Success with Mohammedan

Sabbir joined Mohammedan in 1987. And he played a key role in MSC winning the double, the Federation Cup plus the Dhaka league title. In the Federation Cup final they defeated their great rival of the 1950s, Dhaka Wanderers 1–0. In the league the MSC side trailed Abahani for most of season, but following an impressive 3–2 victory for MSC   in the final match of the regular season, the two teams were tied at the top. The 1st replay saw a 0–0 draw but Mohammedan clinched the title after a 2–0 victory in the 2nd replay.

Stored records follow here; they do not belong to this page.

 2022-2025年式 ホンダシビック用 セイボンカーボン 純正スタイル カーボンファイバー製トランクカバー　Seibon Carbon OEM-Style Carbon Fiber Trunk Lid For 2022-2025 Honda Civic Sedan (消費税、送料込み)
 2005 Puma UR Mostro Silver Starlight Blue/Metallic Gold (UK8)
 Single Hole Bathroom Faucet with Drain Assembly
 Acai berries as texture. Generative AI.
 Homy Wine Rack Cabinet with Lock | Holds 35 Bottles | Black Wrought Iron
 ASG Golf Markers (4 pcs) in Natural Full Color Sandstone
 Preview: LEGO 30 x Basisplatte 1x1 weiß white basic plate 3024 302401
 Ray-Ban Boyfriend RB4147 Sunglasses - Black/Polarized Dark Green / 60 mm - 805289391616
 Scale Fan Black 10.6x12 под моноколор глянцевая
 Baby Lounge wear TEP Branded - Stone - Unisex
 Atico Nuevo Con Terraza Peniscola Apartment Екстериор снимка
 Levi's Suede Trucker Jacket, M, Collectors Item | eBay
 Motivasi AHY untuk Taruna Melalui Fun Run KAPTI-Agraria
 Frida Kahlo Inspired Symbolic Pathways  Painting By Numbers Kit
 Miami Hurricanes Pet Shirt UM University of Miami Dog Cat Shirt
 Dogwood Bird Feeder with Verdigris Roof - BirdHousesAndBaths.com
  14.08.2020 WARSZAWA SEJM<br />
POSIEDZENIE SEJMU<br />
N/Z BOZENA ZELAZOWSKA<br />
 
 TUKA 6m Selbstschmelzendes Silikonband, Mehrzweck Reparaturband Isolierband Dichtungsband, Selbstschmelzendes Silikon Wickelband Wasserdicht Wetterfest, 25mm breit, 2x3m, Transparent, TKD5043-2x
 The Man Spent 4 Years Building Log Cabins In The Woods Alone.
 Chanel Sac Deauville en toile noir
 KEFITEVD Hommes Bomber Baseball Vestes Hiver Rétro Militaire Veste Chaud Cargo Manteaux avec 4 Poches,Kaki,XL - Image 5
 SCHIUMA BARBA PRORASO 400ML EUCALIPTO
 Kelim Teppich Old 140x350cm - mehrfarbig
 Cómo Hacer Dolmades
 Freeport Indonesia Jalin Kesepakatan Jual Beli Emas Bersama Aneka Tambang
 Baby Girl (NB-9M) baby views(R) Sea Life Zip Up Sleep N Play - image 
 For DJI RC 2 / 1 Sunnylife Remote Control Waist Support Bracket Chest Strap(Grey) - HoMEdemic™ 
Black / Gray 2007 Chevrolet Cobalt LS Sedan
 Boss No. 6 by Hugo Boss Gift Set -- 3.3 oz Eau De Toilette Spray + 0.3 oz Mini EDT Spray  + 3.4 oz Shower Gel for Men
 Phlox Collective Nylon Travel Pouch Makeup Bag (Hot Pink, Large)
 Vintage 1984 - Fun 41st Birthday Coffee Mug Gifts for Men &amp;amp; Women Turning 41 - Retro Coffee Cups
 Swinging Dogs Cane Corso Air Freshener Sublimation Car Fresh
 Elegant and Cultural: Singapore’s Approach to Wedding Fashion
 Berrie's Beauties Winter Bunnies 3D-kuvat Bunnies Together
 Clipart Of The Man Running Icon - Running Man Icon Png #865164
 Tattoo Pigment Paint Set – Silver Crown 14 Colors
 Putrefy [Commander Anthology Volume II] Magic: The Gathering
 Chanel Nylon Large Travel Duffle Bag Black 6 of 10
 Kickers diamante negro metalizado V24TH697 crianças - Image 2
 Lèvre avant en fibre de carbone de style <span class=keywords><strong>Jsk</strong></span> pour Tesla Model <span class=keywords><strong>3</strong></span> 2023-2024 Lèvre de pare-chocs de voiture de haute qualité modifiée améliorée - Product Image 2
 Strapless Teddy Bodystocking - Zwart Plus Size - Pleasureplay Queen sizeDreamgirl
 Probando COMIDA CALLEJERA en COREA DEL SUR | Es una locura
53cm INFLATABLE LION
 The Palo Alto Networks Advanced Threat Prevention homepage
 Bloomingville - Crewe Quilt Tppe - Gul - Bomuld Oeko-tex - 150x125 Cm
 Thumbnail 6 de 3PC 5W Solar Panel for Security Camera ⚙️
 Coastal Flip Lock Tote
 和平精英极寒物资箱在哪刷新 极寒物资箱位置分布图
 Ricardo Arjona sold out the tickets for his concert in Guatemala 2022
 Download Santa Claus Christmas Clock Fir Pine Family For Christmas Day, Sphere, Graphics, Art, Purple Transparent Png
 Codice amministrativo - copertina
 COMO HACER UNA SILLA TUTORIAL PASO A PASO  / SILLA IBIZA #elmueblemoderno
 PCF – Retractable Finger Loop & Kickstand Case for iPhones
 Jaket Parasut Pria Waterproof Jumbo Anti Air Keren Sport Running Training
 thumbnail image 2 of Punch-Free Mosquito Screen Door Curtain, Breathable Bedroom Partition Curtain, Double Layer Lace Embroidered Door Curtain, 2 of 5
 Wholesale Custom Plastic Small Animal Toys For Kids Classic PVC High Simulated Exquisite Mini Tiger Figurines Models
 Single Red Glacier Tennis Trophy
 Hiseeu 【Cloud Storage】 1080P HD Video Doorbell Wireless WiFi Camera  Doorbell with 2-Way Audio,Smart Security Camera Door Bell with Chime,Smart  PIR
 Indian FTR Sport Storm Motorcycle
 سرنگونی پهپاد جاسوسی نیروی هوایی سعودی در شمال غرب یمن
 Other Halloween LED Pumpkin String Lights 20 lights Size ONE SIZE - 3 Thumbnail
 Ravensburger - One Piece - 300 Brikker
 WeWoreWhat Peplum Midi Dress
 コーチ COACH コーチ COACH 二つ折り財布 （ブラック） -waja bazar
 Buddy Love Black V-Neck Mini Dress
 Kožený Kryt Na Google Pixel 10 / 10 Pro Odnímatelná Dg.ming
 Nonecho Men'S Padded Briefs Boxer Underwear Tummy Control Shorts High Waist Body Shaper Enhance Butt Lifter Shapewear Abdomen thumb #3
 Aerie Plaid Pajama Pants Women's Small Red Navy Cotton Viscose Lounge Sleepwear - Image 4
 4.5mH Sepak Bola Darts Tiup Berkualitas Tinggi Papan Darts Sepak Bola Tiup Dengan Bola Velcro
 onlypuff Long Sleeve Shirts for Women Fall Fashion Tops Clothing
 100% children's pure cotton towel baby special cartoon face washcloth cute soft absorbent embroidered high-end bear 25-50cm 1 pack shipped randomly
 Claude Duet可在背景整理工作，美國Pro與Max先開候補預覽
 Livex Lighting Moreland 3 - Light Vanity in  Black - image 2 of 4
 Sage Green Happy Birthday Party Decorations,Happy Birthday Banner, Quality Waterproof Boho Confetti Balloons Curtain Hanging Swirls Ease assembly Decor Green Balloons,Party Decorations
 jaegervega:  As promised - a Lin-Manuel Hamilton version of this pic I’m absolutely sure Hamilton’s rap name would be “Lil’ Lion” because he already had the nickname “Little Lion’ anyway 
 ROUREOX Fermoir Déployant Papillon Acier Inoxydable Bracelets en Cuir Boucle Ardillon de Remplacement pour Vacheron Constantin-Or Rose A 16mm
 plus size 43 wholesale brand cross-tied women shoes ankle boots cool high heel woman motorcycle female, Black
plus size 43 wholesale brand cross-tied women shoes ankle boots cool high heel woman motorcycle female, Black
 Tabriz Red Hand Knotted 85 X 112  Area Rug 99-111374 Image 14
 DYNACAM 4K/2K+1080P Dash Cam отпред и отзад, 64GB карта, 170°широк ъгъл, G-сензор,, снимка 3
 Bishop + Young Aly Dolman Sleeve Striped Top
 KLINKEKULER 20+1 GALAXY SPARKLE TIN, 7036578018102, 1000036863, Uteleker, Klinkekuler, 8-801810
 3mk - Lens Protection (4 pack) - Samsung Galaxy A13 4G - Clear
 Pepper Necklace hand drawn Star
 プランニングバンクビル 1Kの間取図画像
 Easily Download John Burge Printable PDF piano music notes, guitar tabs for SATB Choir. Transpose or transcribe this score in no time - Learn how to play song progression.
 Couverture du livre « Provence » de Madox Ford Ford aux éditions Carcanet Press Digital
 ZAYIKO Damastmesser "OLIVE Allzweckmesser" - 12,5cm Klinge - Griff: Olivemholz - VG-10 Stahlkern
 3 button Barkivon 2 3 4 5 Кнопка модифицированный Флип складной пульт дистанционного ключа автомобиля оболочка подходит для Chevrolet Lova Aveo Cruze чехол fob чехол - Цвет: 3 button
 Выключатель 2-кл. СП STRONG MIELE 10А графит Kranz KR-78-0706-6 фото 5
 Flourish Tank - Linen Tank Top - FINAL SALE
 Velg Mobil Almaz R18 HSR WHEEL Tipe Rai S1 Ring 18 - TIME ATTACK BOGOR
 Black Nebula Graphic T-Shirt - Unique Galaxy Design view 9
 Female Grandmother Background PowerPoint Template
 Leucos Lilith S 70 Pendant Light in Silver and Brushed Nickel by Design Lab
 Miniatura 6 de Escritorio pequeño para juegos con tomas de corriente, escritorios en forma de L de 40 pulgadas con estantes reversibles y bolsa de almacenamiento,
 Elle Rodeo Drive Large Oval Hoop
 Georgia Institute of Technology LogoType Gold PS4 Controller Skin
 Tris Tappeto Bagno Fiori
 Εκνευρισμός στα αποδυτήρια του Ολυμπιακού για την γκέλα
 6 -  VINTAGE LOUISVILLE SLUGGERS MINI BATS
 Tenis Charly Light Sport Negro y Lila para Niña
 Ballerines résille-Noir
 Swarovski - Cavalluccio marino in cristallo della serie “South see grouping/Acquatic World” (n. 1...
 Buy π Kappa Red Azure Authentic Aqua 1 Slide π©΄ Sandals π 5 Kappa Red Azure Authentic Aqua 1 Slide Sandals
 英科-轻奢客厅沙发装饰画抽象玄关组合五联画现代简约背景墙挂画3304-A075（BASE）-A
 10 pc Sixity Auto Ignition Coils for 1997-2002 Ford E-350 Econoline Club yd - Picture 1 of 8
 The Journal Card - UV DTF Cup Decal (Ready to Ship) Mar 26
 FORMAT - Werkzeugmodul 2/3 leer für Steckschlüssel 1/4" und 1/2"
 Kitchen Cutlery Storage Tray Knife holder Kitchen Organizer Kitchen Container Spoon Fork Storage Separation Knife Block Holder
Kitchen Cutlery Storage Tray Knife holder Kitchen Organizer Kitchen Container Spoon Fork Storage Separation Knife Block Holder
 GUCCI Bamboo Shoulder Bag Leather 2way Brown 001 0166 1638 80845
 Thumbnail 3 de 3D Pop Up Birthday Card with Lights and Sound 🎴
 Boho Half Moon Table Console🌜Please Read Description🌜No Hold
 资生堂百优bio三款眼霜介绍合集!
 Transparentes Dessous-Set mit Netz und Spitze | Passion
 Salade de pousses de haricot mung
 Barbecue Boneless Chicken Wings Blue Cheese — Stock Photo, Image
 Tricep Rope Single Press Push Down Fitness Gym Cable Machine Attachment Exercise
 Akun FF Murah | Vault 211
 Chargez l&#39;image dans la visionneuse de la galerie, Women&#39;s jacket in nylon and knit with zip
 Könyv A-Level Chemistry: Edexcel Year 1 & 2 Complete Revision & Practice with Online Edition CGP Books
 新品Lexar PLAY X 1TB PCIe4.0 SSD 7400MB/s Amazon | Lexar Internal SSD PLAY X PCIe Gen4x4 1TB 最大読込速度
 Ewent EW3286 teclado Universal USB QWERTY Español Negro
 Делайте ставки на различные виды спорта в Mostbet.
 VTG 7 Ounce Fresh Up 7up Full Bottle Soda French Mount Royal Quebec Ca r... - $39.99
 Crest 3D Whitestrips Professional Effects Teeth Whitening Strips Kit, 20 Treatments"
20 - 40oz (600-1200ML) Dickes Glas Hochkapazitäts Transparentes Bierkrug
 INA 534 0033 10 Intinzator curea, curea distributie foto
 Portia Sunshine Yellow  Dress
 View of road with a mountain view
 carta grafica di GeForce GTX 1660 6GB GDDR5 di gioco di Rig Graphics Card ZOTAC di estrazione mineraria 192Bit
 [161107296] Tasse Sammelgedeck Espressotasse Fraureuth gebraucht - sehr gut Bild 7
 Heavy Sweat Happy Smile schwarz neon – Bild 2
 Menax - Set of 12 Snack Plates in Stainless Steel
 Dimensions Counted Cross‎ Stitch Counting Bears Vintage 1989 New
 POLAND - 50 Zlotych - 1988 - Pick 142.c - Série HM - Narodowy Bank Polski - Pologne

He has also represented Mohammedan at the 1988–89 and 1989–90 seasons of the Asian Club Championship.

For the national team
In the national team Sabbir formed a partnership with the Abahani striker Sheikh Mohammad Aslam, and the two combined to produce many important goals for the national side. For example, a cross by Sabbir helped Aslam score a headed goal against Iran, at Dhaka, in a FIFA World Cup qualifier in early 1989. Bangladesh lost 2–1. The missed penalty by Sabbir in the first half proved decisive. The team was more successful in the President's Cup final later that year. There, Aslam scored, heading a Sabbir corner to give Bangladesh the lead against a South Korea side; and although the visitors equalized, Bangladesh prevailed in the penalty shootout.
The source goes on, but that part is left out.